##### EXERCISE DATA

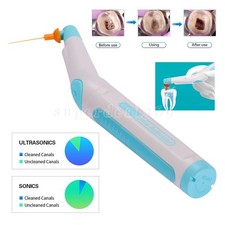 Dentista Endodonzia Endo Ultra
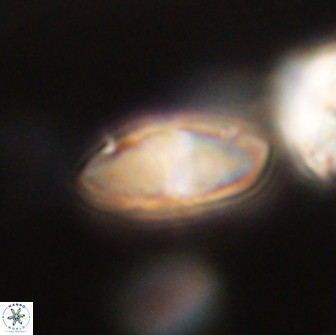 Discoaster lenticularis 65004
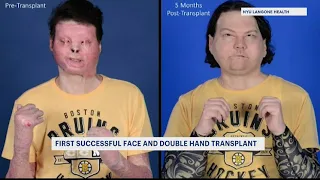 Extremely rare face and double hand transplant gives man new chance at life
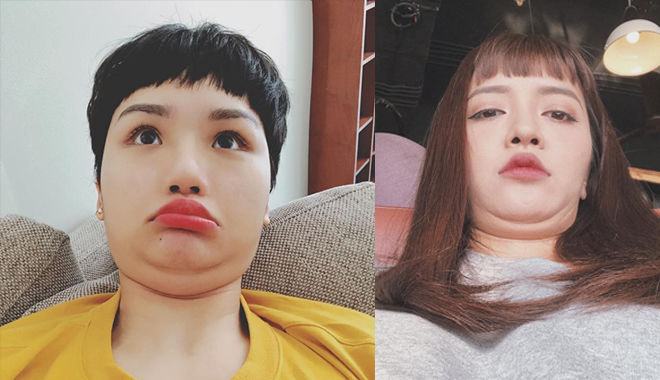 xóa nọng cằm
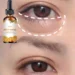 Top Moisturizing Eye Oil to Reduce Puffiness and Brighten Dark Circles Naturally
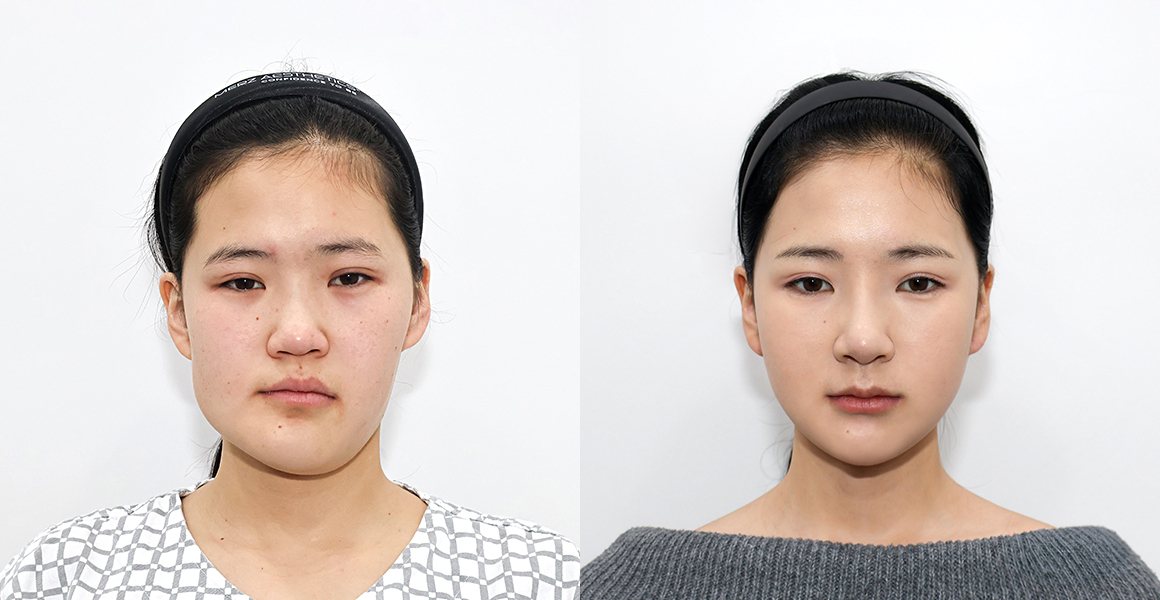 전후 사례 정면 — 수술 전·수술 후 3개월
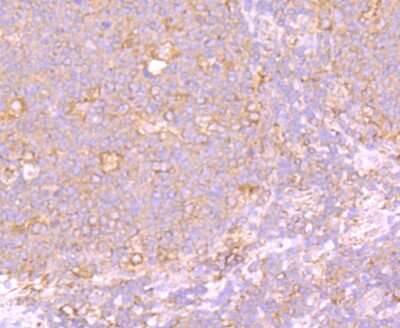 Immunohistochemistry-Paraffin: PTP1B/PTPN1 Antibody (JJ0935) [NBP2-67918] - Analysis of paraffin-embedded human tonsil tissue using anti-PTP1B antibody. Counter stained with hematoxylin.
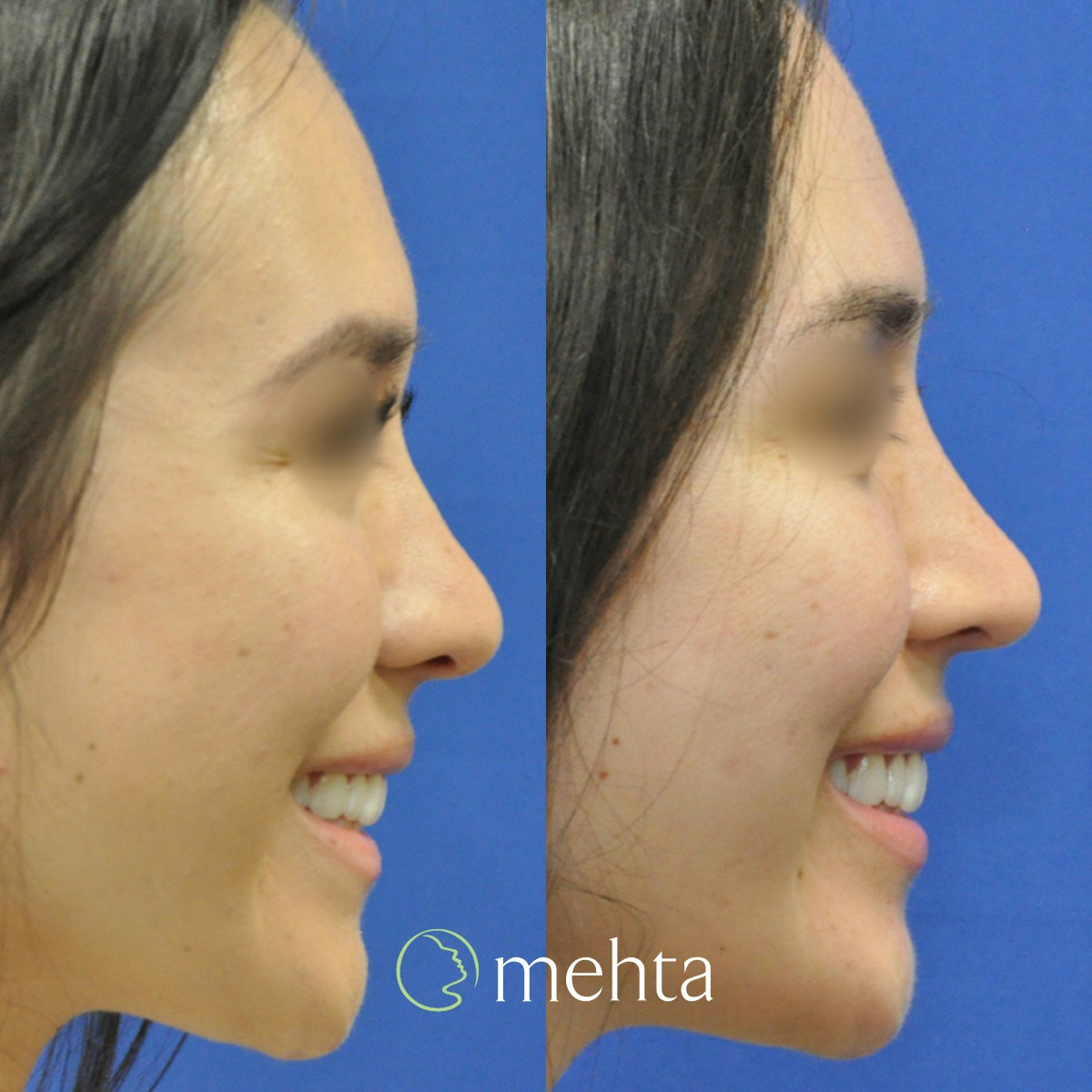 Rhinoplasty Before & After Gallery - Patient 823590 - Image 2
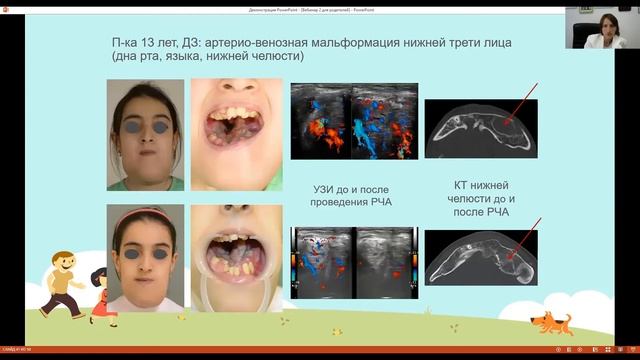 Малоинвазивные методы лечения сосудистых поражений головы, лица и шеи у детей смотреть онлайн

##########

**EXERCISE REQUIREMENTS:** Write out only the lines from the one that contains "전후 사례 정면 — 수술 전·수술 후 3개월" through the last line of the records above, both included, word for word and without the pictures.

**OUTPUT OF THE EXERCISE:**
 전후 사례 정면 — 수술 전·수술 후 3개월
 Immunohistochemistry-Paraffin: PTP1B/PTPN1 Antibody (JJ0935) [NBP2-67918] - Analysis of paraffin-embedded human tonsil tissue using anti-PTP1B antibody. Counter stained with hematoxylin.
 Rhinoplasty Before & After Gallery - Patient 823590 - Image 2
 Малоинвазивные методы лечения сосудистых поражений головы, лица и шеи у детей смотреть онлайн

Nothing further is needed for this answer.